# how to create file folders



## sie (Feb 28, 2020)

Hello,
I recently moved my photo folders from windows 7 to windows 10 and now they are no longer in folders.  What I have is a long stream of photos. Could someone tell me how  to put my photos into folders with titles?
Thank you.


----------



## clee01l (Feb 28, 2020)

How did you move them and the master catalog?   

Lightroom does nothing except what you tell it.  
How closely does what you did match these instructions:  How do I move Lightroom to a new computer?


----------



## sie (Mar 1, 2020)

I burned all my folders to DVDs and I'm downloading the DVDs to Lightroom.  Each photo has the folder title underneath it.
I did not  have or read the instructions you asked about.


----------



## Philippe Coudé du Foresto (Mar 3, 2020)

> I'm downloading the DVDs to Lightroom


Could you describe exactly the process/command you use to accomplish this?


----------



## clee01l (Mar 3, 2020)

sie said:


> I burned all my folders to DVDs and I'm downloading the DVDs to Lightroom.  Each photo has the folder title underneath it.
> I did not  have or read the instructions you asked about.


If you simply copied the image files to the DVD and from the DVD to the new computer, you may have ignored the folder structure on the old computer and copied these into a single folder on the DVD.   It is important that you copy the folders and the containing the images from the olde computer to the new computer.   Burning them to a DVD and then transferring them again to the new computer is probably slower than making a computer to computer transfer across your network.

It is essential that you follow these instructions: How do I move Lightroom to a new computer? | The Lightroom Queen and do the transfer again.  I don't think there is any easy way to fix what you have done.


----------



## sie (Mar 13, 2020)

Philippe Coudé du Foresto said:


> Could you describe exactly the process/command you use to accomplish this?



Hi,
Sorry for the delay in responding.
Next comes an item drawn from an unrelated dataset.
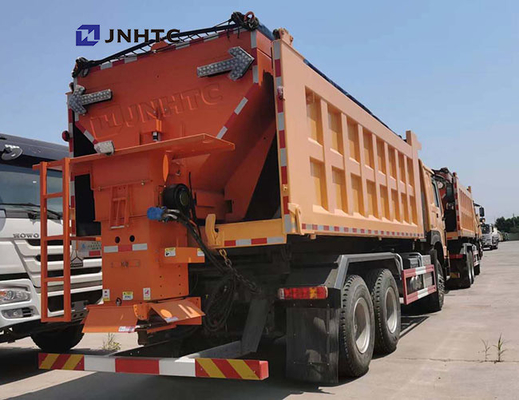 Ανοιχτό φορτηγό Sinotruk Howo 371hp 300L αρότρων χιονιού οδικών οχημάτων αποκομιδής απορριμμάτων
I was very busy.
So, in answer to your question, I download to a third party image viewer and then I import to LR.
The third party image viewer is called FastStone and it is a free download.
Using a third party image viewer was the only way to put my photos onto Windows 10. It is one of about six accepted by Microsoft.  Get the list online.
By the way , a lot of people were and are having difficulty putting their photos onto Windows 10.
It is this difficulty with Windows 10 that has caused my problems with how my photos are displayed in LR.


----------



## sie (Mar 13, 2020)

sie said:


> Hi,
> Sorry for the delay in responding. I was very busy.
> So, in answer to your question, I download to a third party image viewer and then I import to LR.
> The third party image viewer is called FastStone and it is a free download.
> ...



I'm not sure if you want to know the following but here goes:  every time I upload photos from my camera ( about 400 photos per upload ) I burn that file to a DVD and I do the same with every altered photos folder I create ( also about 400  entries ).


----------



## sie (Mar 13, 2020)

clee01l said:


> If you simply copied the image files to the DVD and from the DVD to the new computer, you may have ignored the folder structure on the old computer and copied these into a single folder on the DVD.   It is important that you copy the folders and the containing the images from the olde computer to the new computer.   Burning them to a DVD and then transferring them again to the new computer is probably slower than making a computer to computer transfer across your network.
> 
> It is essential that you follow these instructions: How do I move Lightroom to a new computer? | The Lightroom Queen and do the transfer again.  I don't think there is any easy way to fix what you have done.


----------



## sie (Mar 13, 2020)

clee01l said:


> If you simply copied the image files to the DVD and from the DVD to the new computer, you may have ignored the folder structure on the old computer and copied these into a single folder on the DVD.   It is important that you copy the folders and the containing the images from the olde computer to the new computer.   Burning them to a DVD and then transferring them again to the new computer is probably slower than making a computer to computer transfer across your network.
> 
> It is essential that you follow these instructions: How do I move Lightroom to a new computer? | The Lightroom Queen and do the transfer again.  I don't think there is any easy way to fix what you have done.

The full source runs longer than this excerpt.